A new AI model can segment anything in three dimensions when SAM meets NeRF.

We are all amazed by the generative AI advancements recently, but that does not mean we do not get any significant breakthroughs in other applications. For example, the computer vision domain has been seeing relatively rapid advancements recently as well. The Segment Anything Model (SAM) release by Meta was a huge success and changed the game in 2D image segmentation entirely.

nnnn

In image segmentation, the goal is to detect and sort of “paint” all the objects in the scene. Usually, this is done by training a model on a dataset of objects we want to segmentize. Then, we can use the model to segment the very objects in different images. However, the main problem here is that the model is bounded by the objects we show it during the training; and it cannot segmentize unseen objects.

With SAM, this is changed. SAM is the first model that could segmentize anything, literally. This is achieved by training the SAM on large-scale data and giving it the ability to perform zero-shot segmentation across various styles of image data. It is designed to automatically segment objects of interest in images, regardless of their shape, size, or appearance. SAM has demonstrated remarkable performance in segmenting objects in 2D images, revolutionizing the field of computer vision.

Of course, people did not simply stop there. They started working on ways to extend SAM’s capabilities beyond 2D. However, a key question has remained unanswered: Can SAM’s segmentation ability be extended to 3D, thereby bridging the gap between 2D and 3D perception caused by data scarcity? The answer is looking like yes, and it is time to meet with SA3D.

SA3D leverages advancements in Neural Radiance Fields (NeRF) and the SAM model to revolutionize 3D segmentation. NeRF has emerged as one of the most popular 3D representations in recent years. NeRF builds connections between sparse 2D images and real 3D points through differentiable volume rendering. It has seen numerous improvements, making it a powerful tool for tackling the challenges of 3D perception.

There have been some attempts to extend NeRF-based techniques for 3D segmentation. These approaches involved training an additional feature field aligned with a pre-trained 2D visual backbone. While effective, these methods suffer from limitations such as high memory footprint, artifacts in radiance fields affecting feature fields, and inefficiency due to the need for training an additional feature field for every scene.

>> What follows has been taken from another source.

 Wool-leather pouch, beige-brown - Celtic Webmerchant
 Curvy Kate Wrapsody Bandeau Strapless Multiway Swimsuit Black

This is where SA3D comes into play. Unlike previous methods, SA3D does not require training an additional feature field. Instead, it leverages the power of SAM and NeRF to segment desired objects from all views automatically.

*Overview of SA3D. Source:* *https://arxiv.org/abs/2304.12308*

SA3D works by taking user-specified prompts from a single rendered view to initiate the segmentation process. The segmentation maps generated by SAM are then projected onto 3D mask grids using density-guided inverse rendering, providing initial 3D segmentation results. To refine the segmentation, incomplete 2D masks from other views are rendered and used as cross-view self-prompts. These masks are fed into SAM to generate refined masks, which are then projected onto the 3D mask grids. This iterative process allows for the generation of complete 3D segmentation results.

Overview of how SA3D works. Source: https://arxiv.org/abs/2304.12308

SA3D offers several advantages over previous approaches. It can easily adapt to any pre-trained NeRF model without the need for changes or re-training, making it highly compatible and adaptable. The entire segmentation process with SA3D is efficient, taking approximately two minutes without requiring engineering optimization. This speed makes SA3D a practical solution for real-world applications. Moreover, experimental results have demonstrated that SA3D can generate fine-grained segmentation results for various types of 3D objects, opening up new possibilities for applications such as robotics, augmented reality, and virtual reality.